*What you need to do*
Nothing but the lines from the one holding "Hey guys, it's" to the final line of the listing below, both included, should be repeated, and each must match exactly. Omit pictures.

*Records to use*
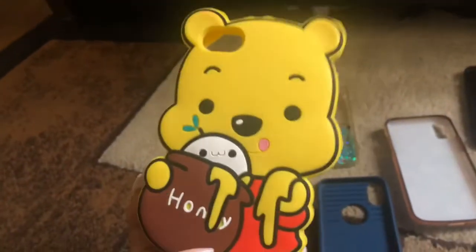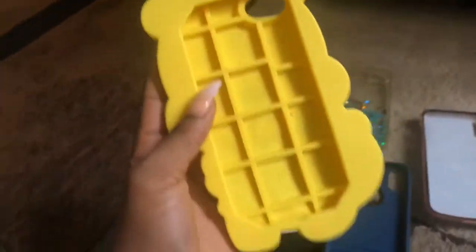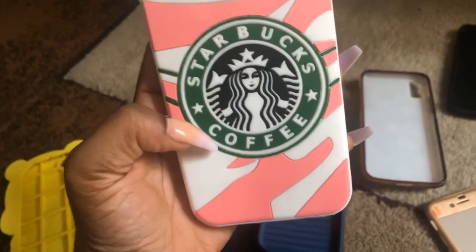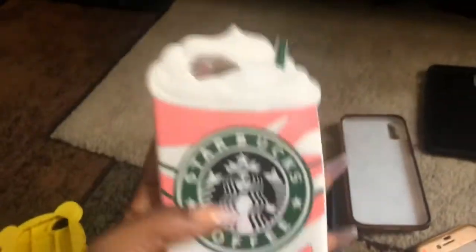I'm back to my channel. I'm going to do an iPhone collection. I added one — the honey yellow. I love it. They have a double phone case.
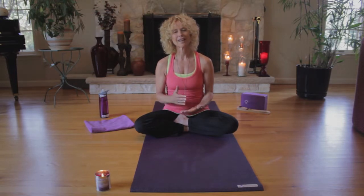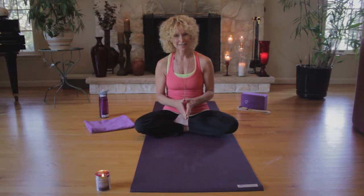First, let's begin by taking a deep, natural breath, inhaling and exhaling through your nose. In meditation, we inhale and exhale through the nose to begin to set the body up for meditation. Again, take a deep, natural breath, inhaling through your nose and exhaling.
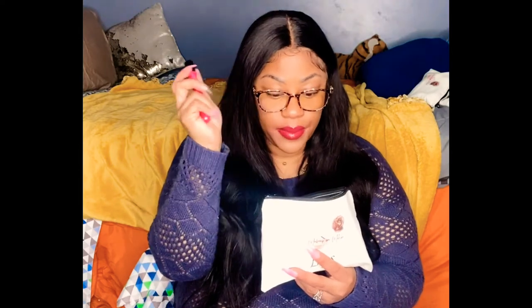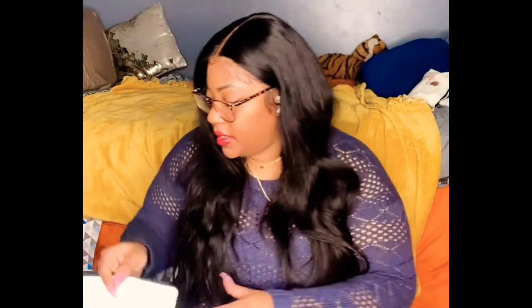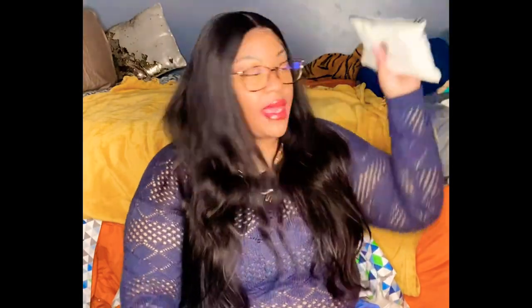I got these canvas bags off Amazon — really cheap, came in a nice pack. I put my logo on them using iron-ons and labeled them by category. One bag says 'Lips' and everything in there pertains to lips — lip glosses, lipsticks, and lip pencils. When I order more lipsticks they'll go in here too. The next bag says 'Eyes,' so everyone knows what's going in there.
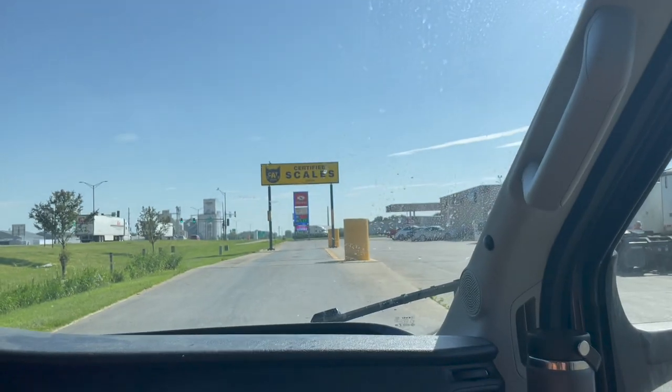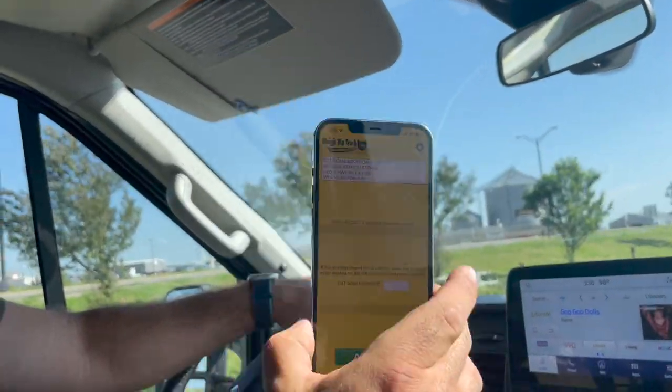We're here on the Echo Rover road trip and we found a CAT Scale. We're going to use this app to see how much we weigh. It's interesting because we're empty on water — we dumped this morning — but we're literally fully loaded with two adults, two kids, and a lot of stuff for six weeks. So let's see, anybody have any guesses?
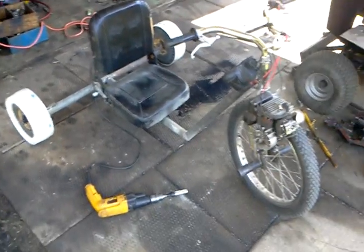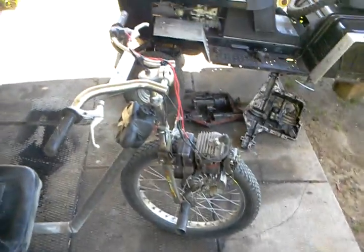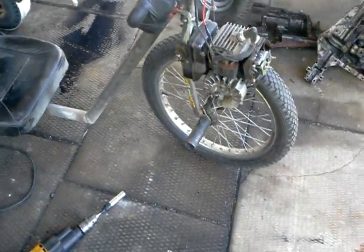Hey guys, it's GreaseMonkey3Foy here. I'm going to be driving this thing around in front of me. I got it all ready. A tire arm — did a little burn out. A fast tire arm.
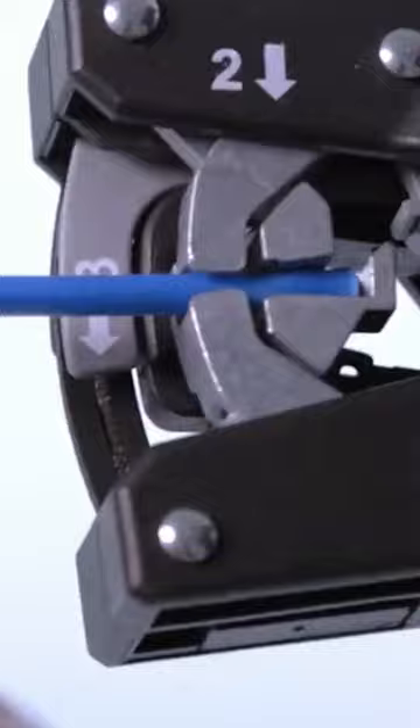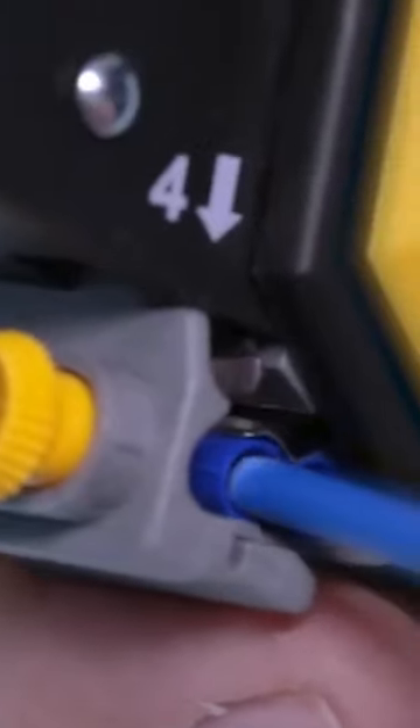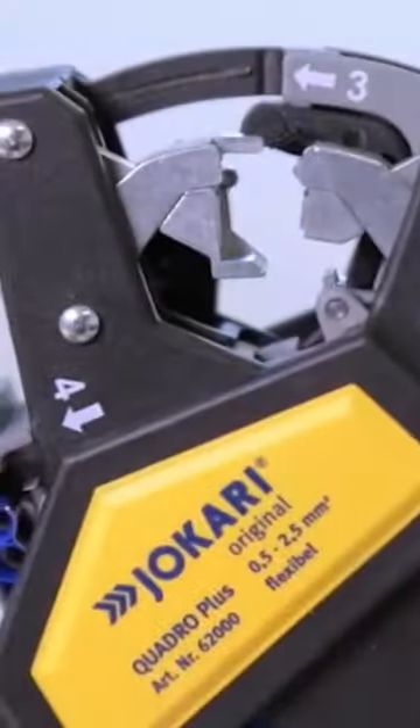The wire stopper ensures the perfect length, and the twisting prevents splaying of wire strands for easy insertion into connector sleeves. The crimping of insulated ferrules from 0.5 to 2.5 millimeters meets the standards set by VDE.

*Solution below*
Hey guys, it's GreaseMonkey3Foy here. I'm going to be driving this thing around in front of me. I got it all ready. A tire arm — did a little burn out. A fast tire arm.
The wire stopper ensures the perfect length, and the twisting prevents splaying of wire strands for easy insertion into connector sleeves. The crimping of insulated ferrules from 0.5 to 2.5 millimeters meets the standards set by VDE.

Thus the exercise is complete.